Gli habitat e la presenza di plancton sono fondamentali per la sopravvivenza dei cetacei e per sostenere l'intera catena: «Quando ci sono questi due elementi insieme allora vediamo come nel Mar Ligure, in particolar modo appunto nel Santuario Pelagos, aumenta la diversità.
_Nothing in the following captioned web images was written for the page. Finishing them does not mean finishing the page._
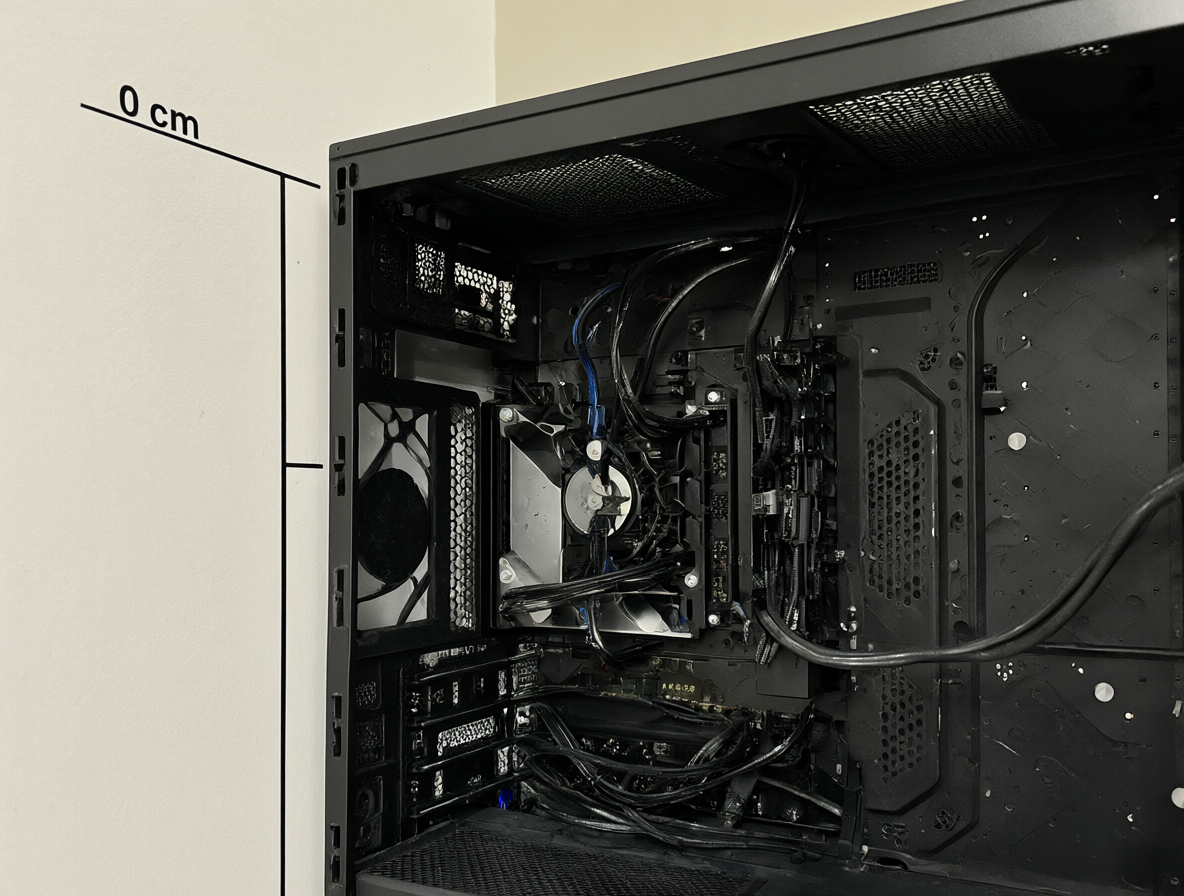 Gabinete de PC con espacio de refrigeración adecuado marcado en pared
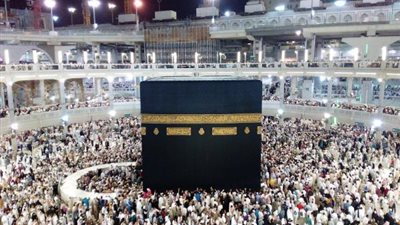 تفاصيل مهمة .. المملكة العربية السعودية يمكن لأي مواطن دعوة صديقه لأداء مناسك العمرة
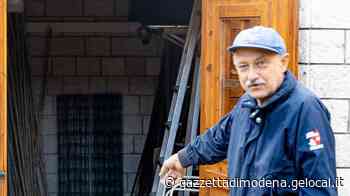 Modena, ladri scoperti dall’edicolante all’alba: «Stai buona, questa roba adesso è nostra» - La Gazzetta di Modena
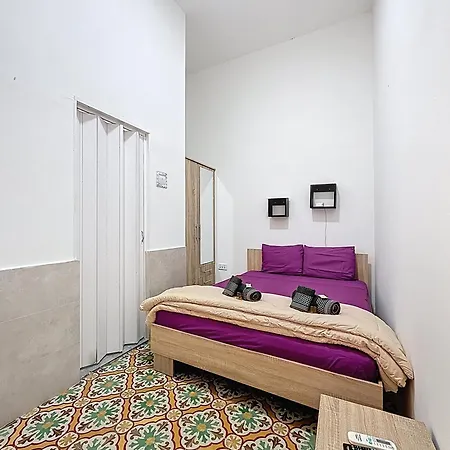 아파트 Modern With Private Jacuzzi & Garden, Wifi & Air Conditioning 그지라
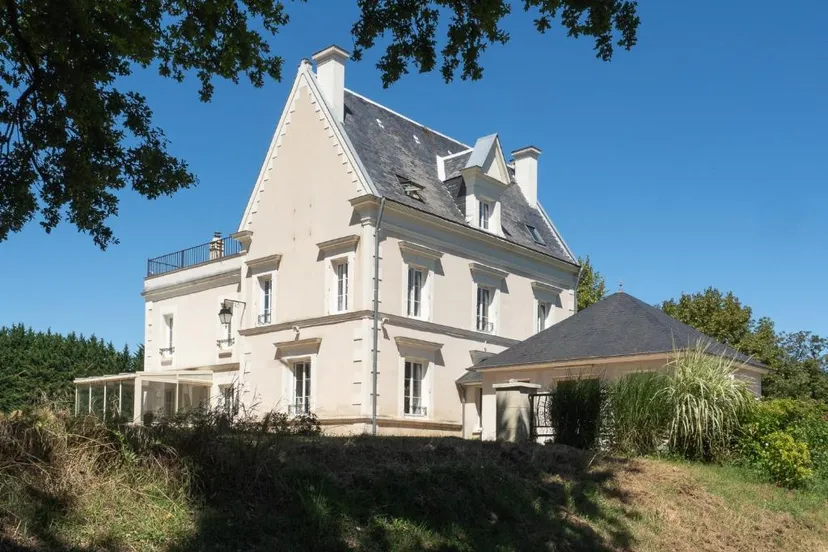 Domaine de 5 hectares avec chambre familiale et accès à 600 m de rivière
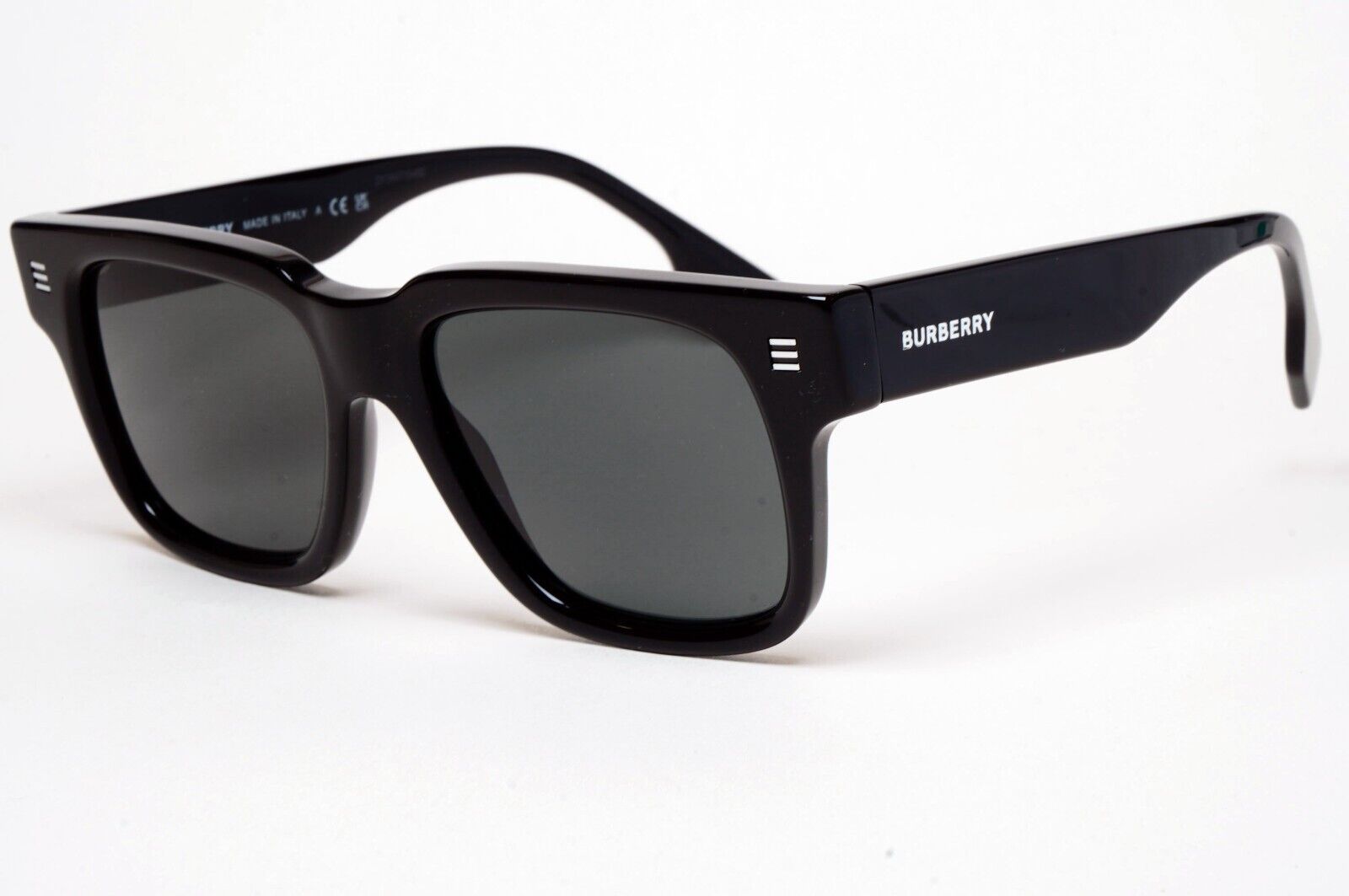 Burberry Sunglasses Hayden Black Square Dark Grey BE 4394 3001/87 54mm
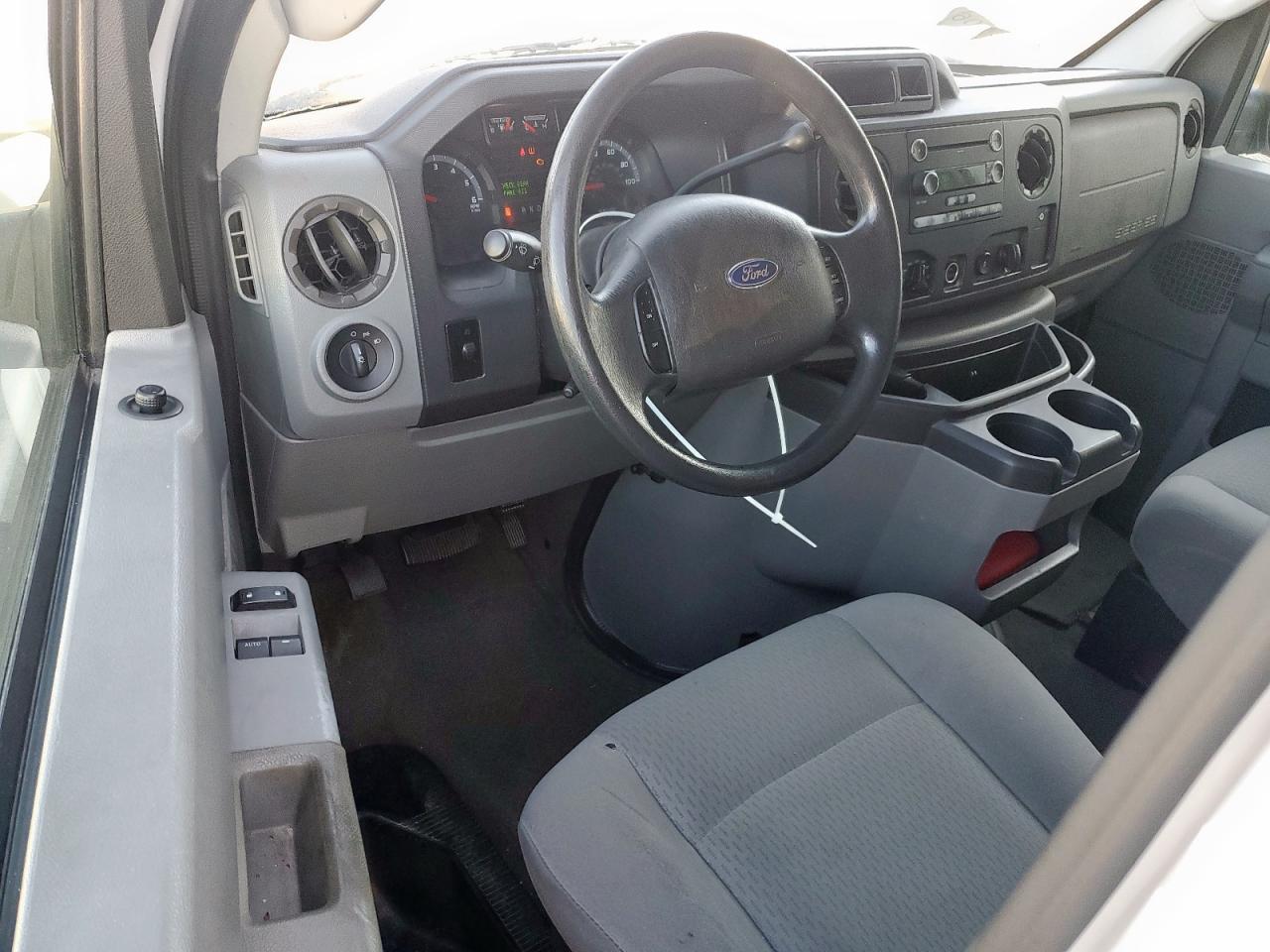 2009 Ford Econoline E350 Super Duty Wagon VIN: 1FBNE31L89DA27636 Lot: 92701035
Uno solo di questi fattori invece non è sufficiente – spiega il ricercatore a Kodami – per esempio nella parte settentrionale dell'Adriatico c'è una grande produzione primaria perché c'è il Po' che porta un grande flusso di nutrienti importante e quindi abbiamo un'alta produzione primaria però abbiamo una monotonia degli habitat perché tutto l'Adriatico nella parte settentrionale è tutto di piattaforma cioè di acque basse e quindi ritroviamo una sola specie nonostante l'alta produzione primaria, invece nella zona del Mar Ligure troviamo tutti gli habitat: la piattaforma, la scarpata e le piane abissali; una grande variabilità di profondità e di habitat che insieme determinano un'alta produzione primaria e allora vediamo questa diversità di specie che che aumenta nettamente fino a includere tutte le specie presenti nel Mediterraneo».
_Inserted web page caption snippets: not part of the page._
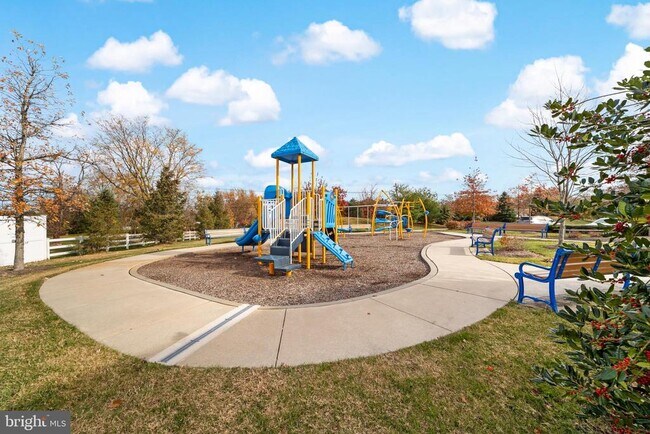 Foto del edificio - 42 Sundance Dr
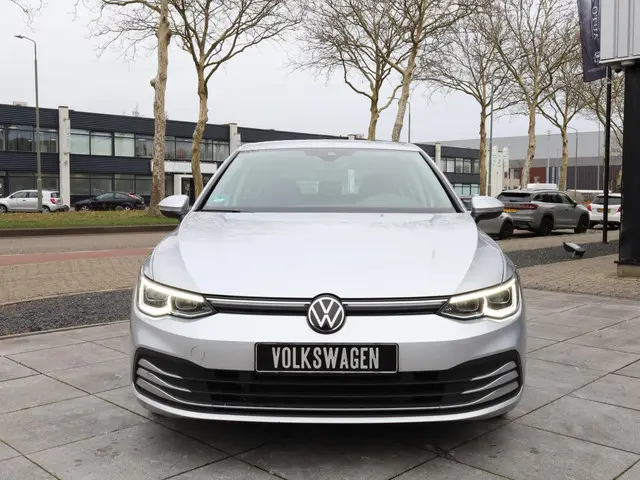 Volkswagen Golf 1.4 eHybrid PHEV 2022 Hybride Benzine 27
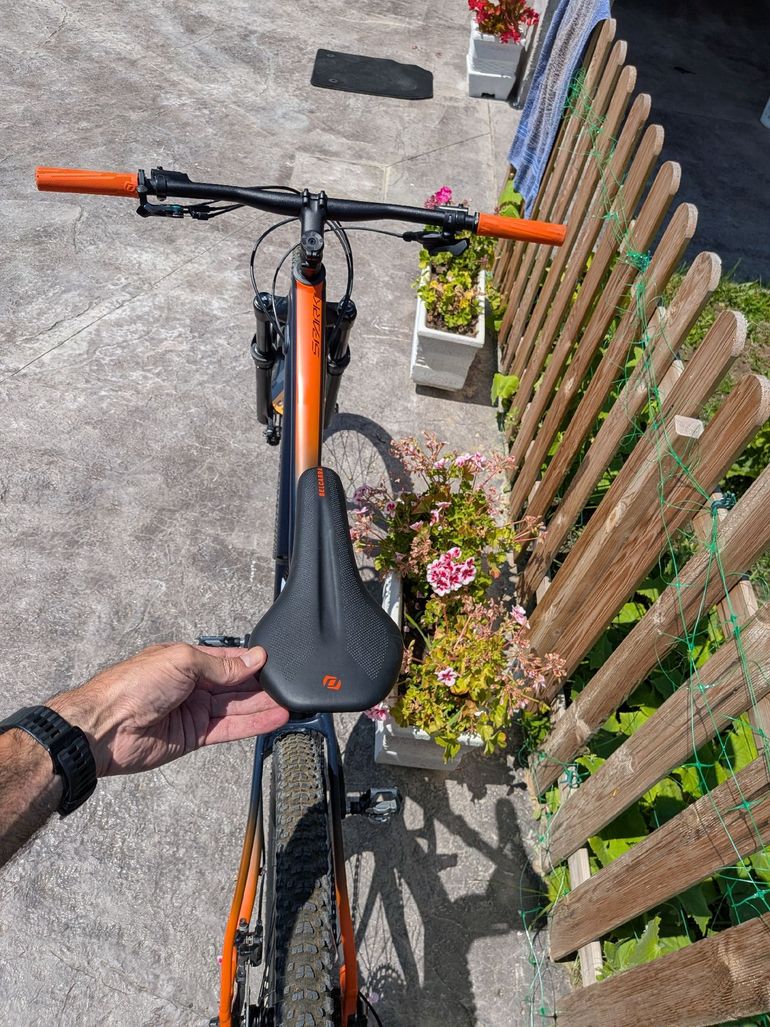 Použité Scott Spark 960 2020 2020 Mountainbike — obrázek 13 z 16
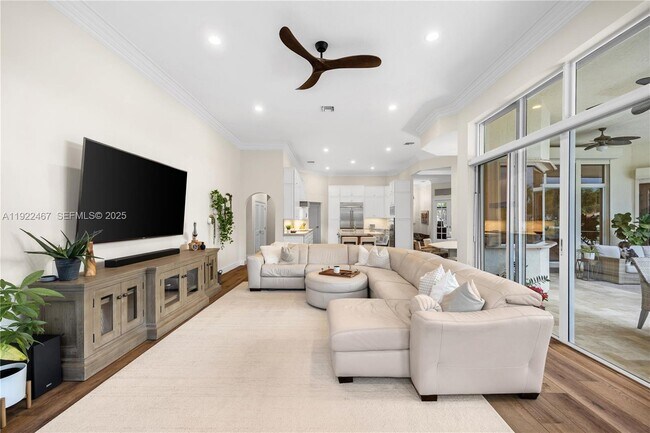 Building Photo - 2589 Mayfair Ln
In questo contesto, dove la diversità di specie sembra concentrata in poche aree favorevoli, le attività dell’uomo, come la pesca e il traffico marittimo, possono avere un ruolo fondamentale come fattori di cambiamento (anche in negativo) a livello locale: «Il turismo, il traffico marittimo e i cambiamenti climatici sono i tre elementi logoranti. Con particolare riferimento al climate change, – continua Guido Gnone – la terra versa i nutrienti nel Mediterraneo che è completamente circondato dalle terre e poi per un gioco sfortunato di correnti questi vengono ceduti all'Atlantico, quindi il Mar Mediterraneo è un mare naturalmente con pochi nutrienti rispetto all'Atlantico. In queste zone di alta funzione primaria, in particolar modo la diminuzione delle piogge potrebbero effettivamente, far abbassare in maniera significativa l'apporto di nutrienti nel Mediterraneo e mettere a rischio la biodiversità con un livellamento verso il basso della produzione primaria e quindi anche della diversità».
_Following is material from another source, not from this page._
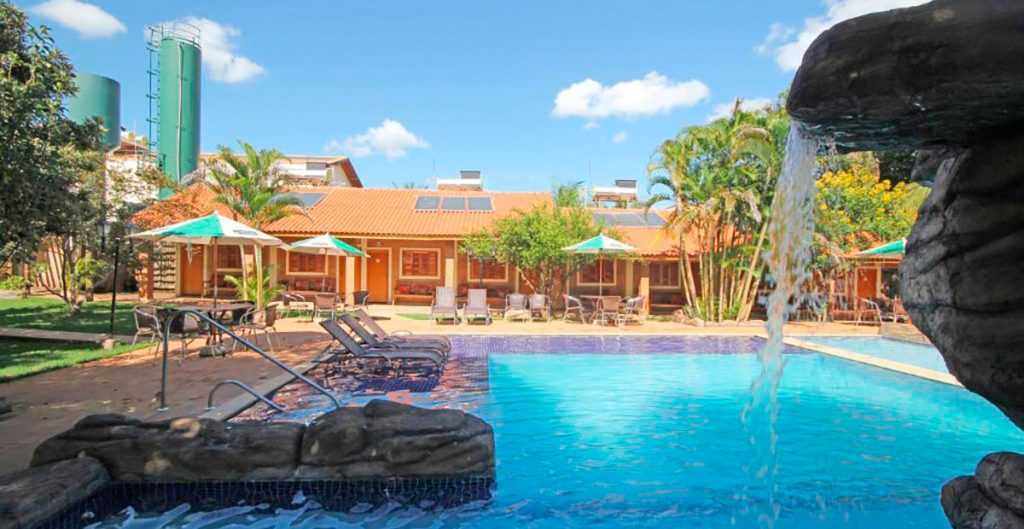 parques e resorts em olimpia pousada faruk CAPA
Kodami nell'agosto del 2022 è stata a bordo della Jean Gab nel golfo di Napoli dove si svolge l'attività di monitoraggio di Oceanomare Dolphin, l'associazione fondata nel 1991 da Angelo Miragliuolo e Barbara Mussi. Insieme anche a Sterna, una simil Jack Russell che fa parte dell'equipaggio fisso della barca a vela storica, abbiamo potuto raccontare in una puntata della nostra video serie "Kodami trails" l'epopea dei nostri mari ascoltando direttamente la voce delle sette specie di cetacei che vivono in un altro tratto di Mediterraneo, attraverso il suono dei click che vengono catturati dalla strumentazione di bordo.